Nawaz_Ahmed · November 7, 2024, 12:26pm

Hi

How can we convert Non-OCR PDF Documents to OCR PDF DOcuments when the document contains both Images and Text.

Also Aspose.OCR Supports OCR of Chinese documents with images and chinese text?

Professionalize.Discourse · November 7, 2024, 12:26pm

To convert non-OCR PDF documents that contain both images and text into OCR PDF documents, you can utilize Aspose.OCR. This library allows you to recognize text from PDF files, effectively creating a searchable and indexable document.

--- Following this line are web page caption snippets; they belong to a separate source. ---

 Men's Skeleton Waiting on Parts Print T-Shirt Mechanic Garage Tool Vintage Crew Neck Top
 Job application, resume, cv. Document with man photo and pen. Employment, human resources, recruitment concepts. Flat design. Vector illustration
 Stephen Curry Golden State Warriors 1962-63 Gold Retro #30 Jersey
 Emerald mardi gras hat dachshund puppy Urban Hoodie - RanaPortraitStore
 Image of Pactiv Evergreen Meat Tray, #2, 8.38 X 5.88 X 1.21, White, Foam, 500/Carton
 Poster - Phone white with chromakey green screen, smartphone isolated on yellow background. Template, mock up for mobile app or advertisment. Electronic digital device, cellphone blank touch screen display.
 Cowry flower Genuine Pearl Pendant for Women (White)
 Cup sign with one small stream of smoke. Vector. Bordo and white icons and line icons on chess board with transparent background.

Here’s a general approach to achieve this:

Initialize the Aspose.OCR API: Create an instance of the OCR API.
Load the PDF Document: Use the OcrInput class to add your PDF document for recognition.
Set Recognition Options: You can specify language settings to improve accuracy, especially if your document contains text in different languages.
Perform OCR: Call the recognition method to process the PDF and extract text.
Output the Results: The recognized text can be saved or displayed as needed.

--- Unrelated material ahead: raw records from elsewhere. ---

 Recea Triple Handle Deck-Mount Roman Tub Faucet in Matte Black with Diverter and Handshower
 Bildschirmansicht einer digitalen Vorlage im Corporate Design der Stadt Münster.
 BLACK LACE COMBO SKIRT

Here’s a sample code snippet in C# that demonstrates how to recognize text from a PDF:

using System;
using System.Collections.Generic;
using Aspose.OCR;

namespace Aspose.OCR.Examples
{
    public class RecognizePdf
    {
        public static void Run()
        {
            // Initialize an instance of AsposeOcr
            AsposeOcr api = new AsposeOcr();

            // Create OcrInput object and add the PDF document
            OcrInput input = new OcrInput(InputType.PDF);
            input.Add("path_to_your_pdf.pdf", startPage: 1, pagesCount: 1); // Adjust page range as needed

            // Perform OCR
            List<RecognitionResult> results = api.Recognize(input, new RecognitionSettings { });

            // Print the results
            foreach (var result in results)
            {
                Console.WriteLine($"Recognized Text: {result.RecognitionText}");
            }
        }
    }
}

Regarding your second question, yes, Aspose.OCR supports OCR for Chinese documents that contain images and Chinese text. You can specify the language during the recognition process to ensure accurate text extraction.

For more detailed guidance, you can refer to the official documentation on creating searchable PDFs from scanned documents, which outlines the process and provides additional examples here and here for Java-specific operations.

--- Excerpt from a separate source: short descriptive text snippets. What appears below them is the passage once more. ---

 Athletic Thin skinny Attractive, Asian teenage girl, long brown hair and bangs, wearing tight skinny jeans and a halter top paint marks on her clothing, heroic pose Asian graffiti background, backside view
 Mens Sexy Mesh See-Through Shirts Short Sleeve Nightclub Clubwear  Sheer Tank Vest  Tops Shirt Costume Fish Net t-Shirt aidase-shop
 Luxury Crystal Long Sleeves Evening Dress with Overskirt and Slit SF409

If you have any further questions or need additional assistance, feel free to ask!

Sources:
[1]: Creating a searchable PDF from the scan - Aspose Documentation
[2]: OCR Operations | Aspose.OCR Java API

Nawaz_Ahmed · November 7, 2024, 12:52pm

Unable to OCR Chinese PDF Document to PDF.

getting error “Exception of type ‘System.Exception’ was thrown”

asad.ali · November 8, 2024, 1:35pm

@Nawaz_Ahmed

Would you kindly share the sample file that you are trying to work with. We will test the scenario in our environment and address it accordingly.